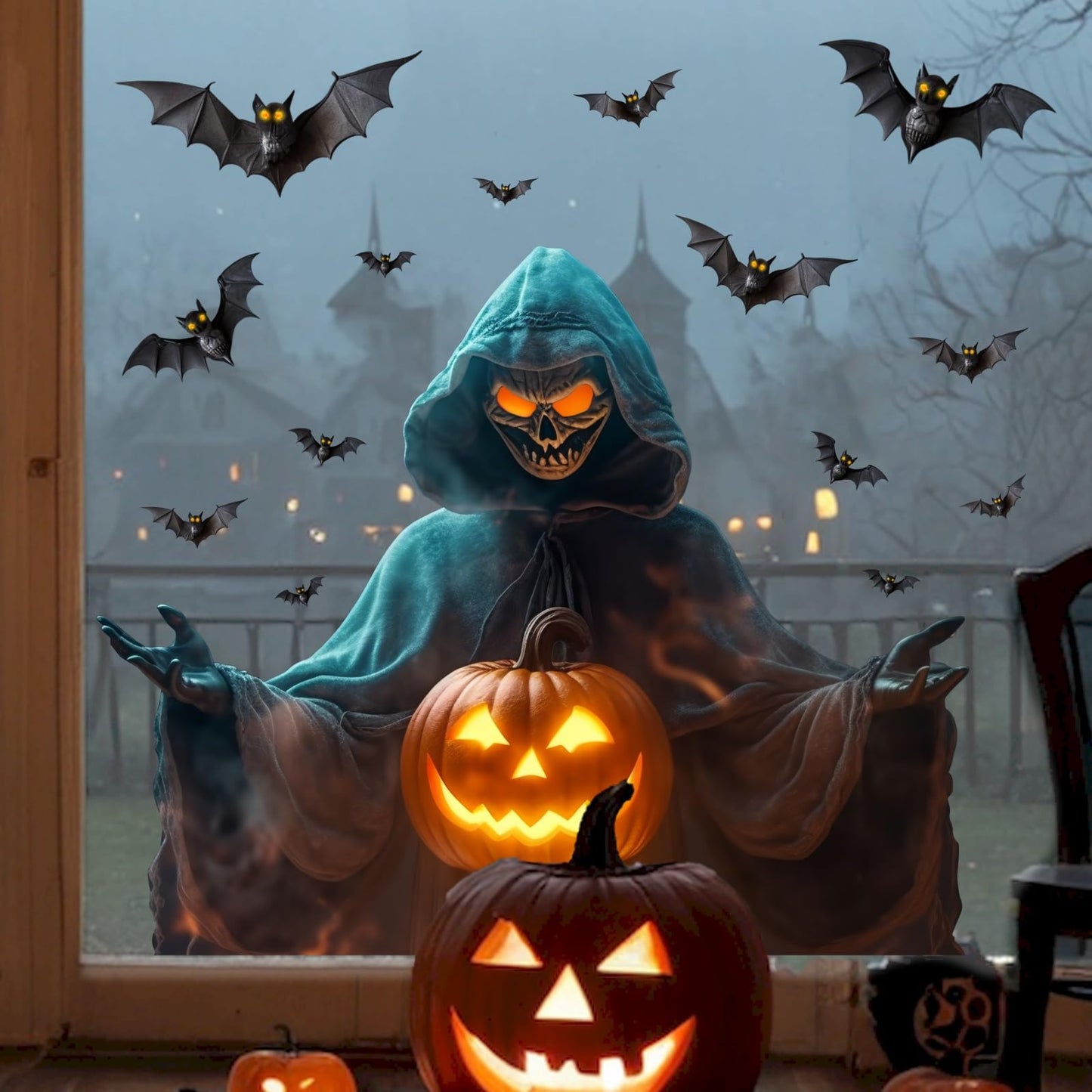 Halloween Window Decorations Clings Large Ghost Decals for Glass Door Double Sided Scary Window Decal Removable Indoor Halloween Party Supplies Spooky Bats Static Decal for Home Office Holiday Decor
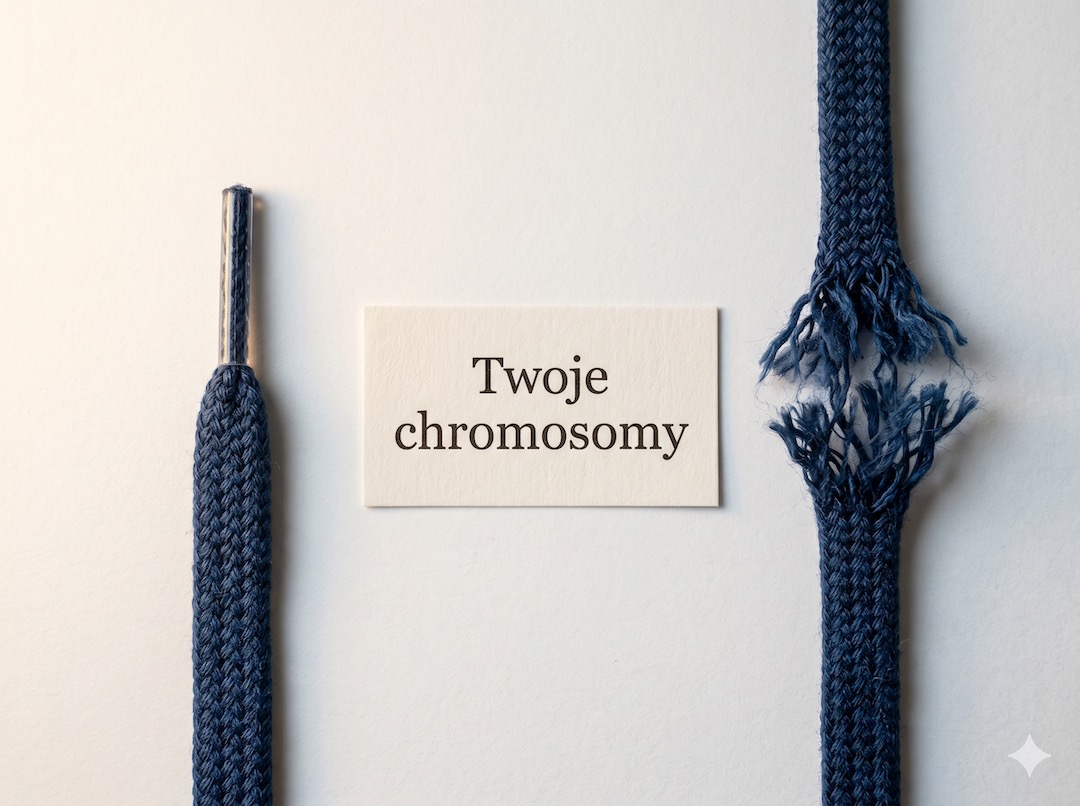 Artystyczna wizualizacja telomerów na końcach chromosomów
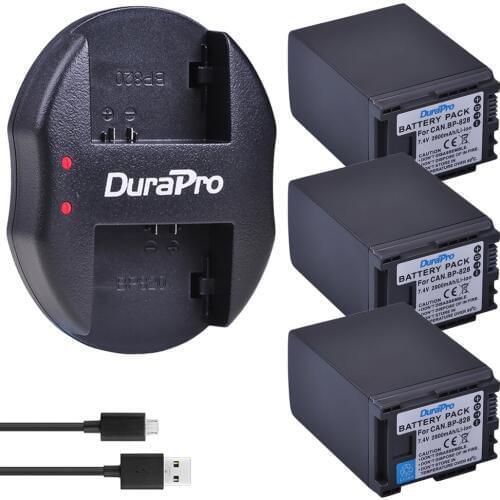 3pc 2900mAH BP-828 BP 828 BP828 Replacement Battery+USB Dual Charger for Canon HFM300 HFM30 HFG30 HFG10 HFM40 HFM400 HFS30 HG20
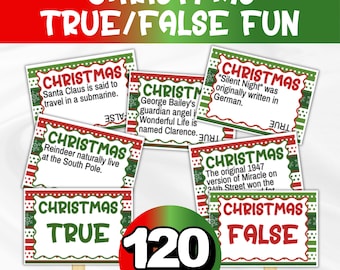 Christmas True False, Christmas Trivia Games, Xmas Movie Trivia Game For Kids Teens & Adults, Christmas Group Fun, Funny Game for Kids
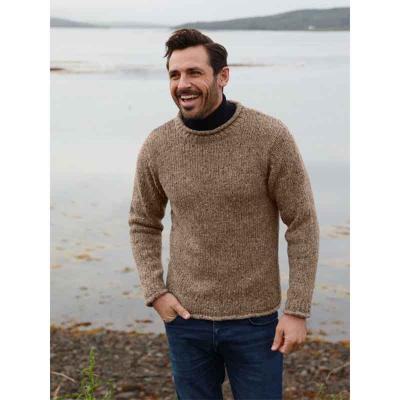 Mens knitted sweater, beige 2XL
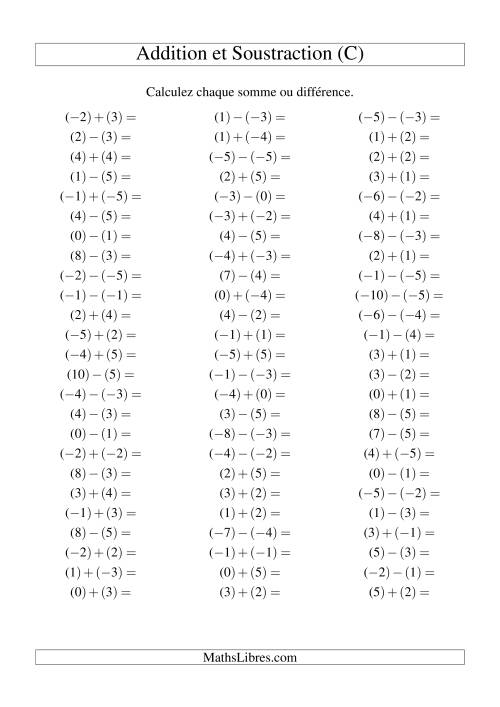 Addition et soustraction de nombres entiers avec parenthèses autour de chaque entier (-5 à 5) (75 par page) (C)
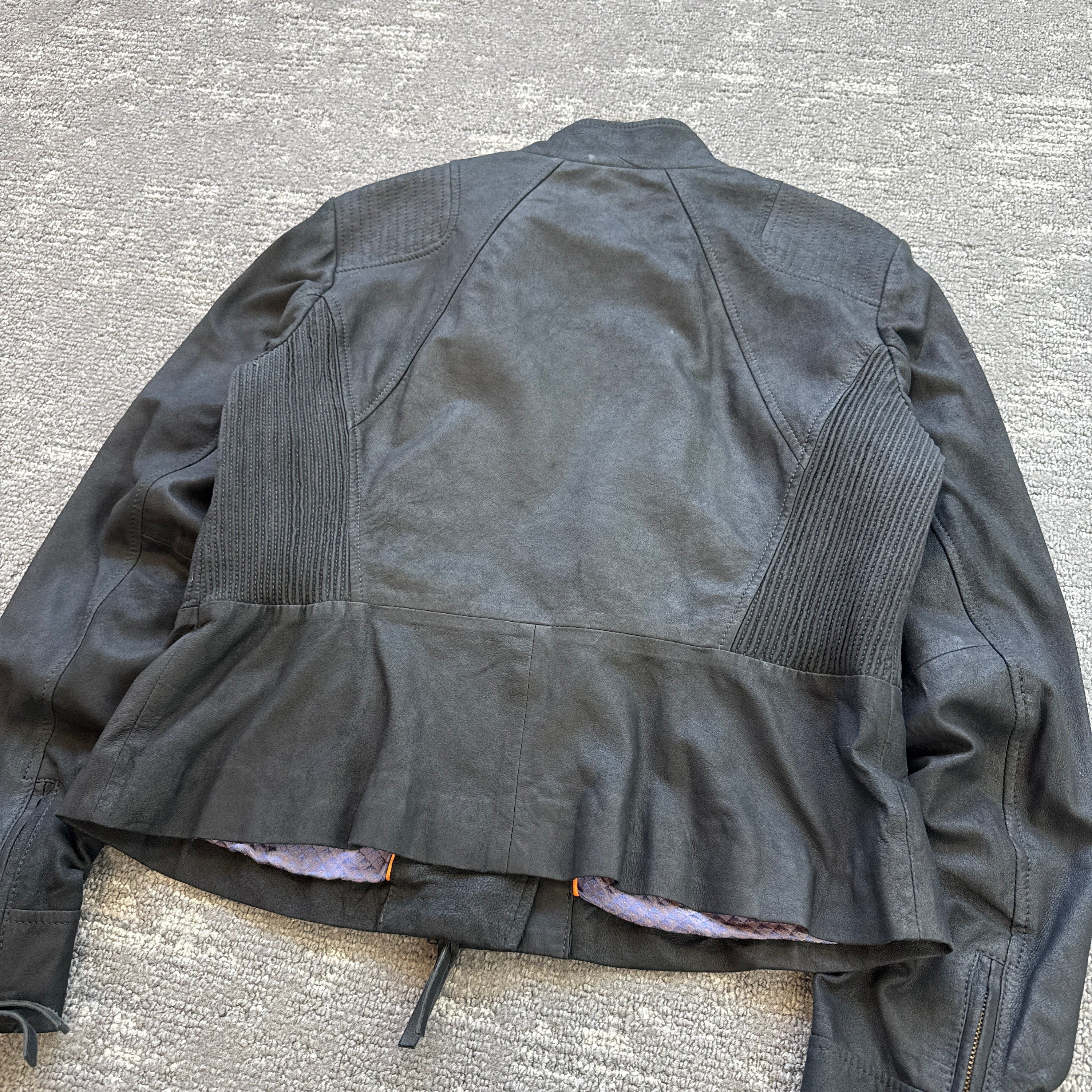 Hugo boss 2000's technical asymmetrical zip fitted goat leather biker jacket (S)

EXERCISE:
Any picture in the listing above gets left out; output the rest exactly.

THE ANSWER:
 Halloween Window Decorations Clings Large Ghost Decals for Glass Door Double Sided Scary Window Decal Removable Indoor Halloween Party Supplies Spooky Bats Static Decal for Home Office Holiday Decor
 Artystyczna wizualizacja telomerów na końcach chromosomów
 3pc 2900mAH BP-828 BP 828 BP828 Replacement Battery+USB Dual Charger for Canon HFM300 HFM30 HFG30 HFG10 HFM40 HFM400 HFS30 HG20
 Christmas True False, Christmas Trivia Games, Xmas Movie Trivia Game For Kids Teens & Adults, Christmas Group Fun, Funny Game for Kids
 Mens knitted sweater, beige 2XL
 Addition et soustraction de nombres entiers avec parenthèses autour de chaque entier (-5 à 5) (75 par page) (C)
 Hugo boss 2000's technical asymmetrical zip fitted goat leather biker jacket (S)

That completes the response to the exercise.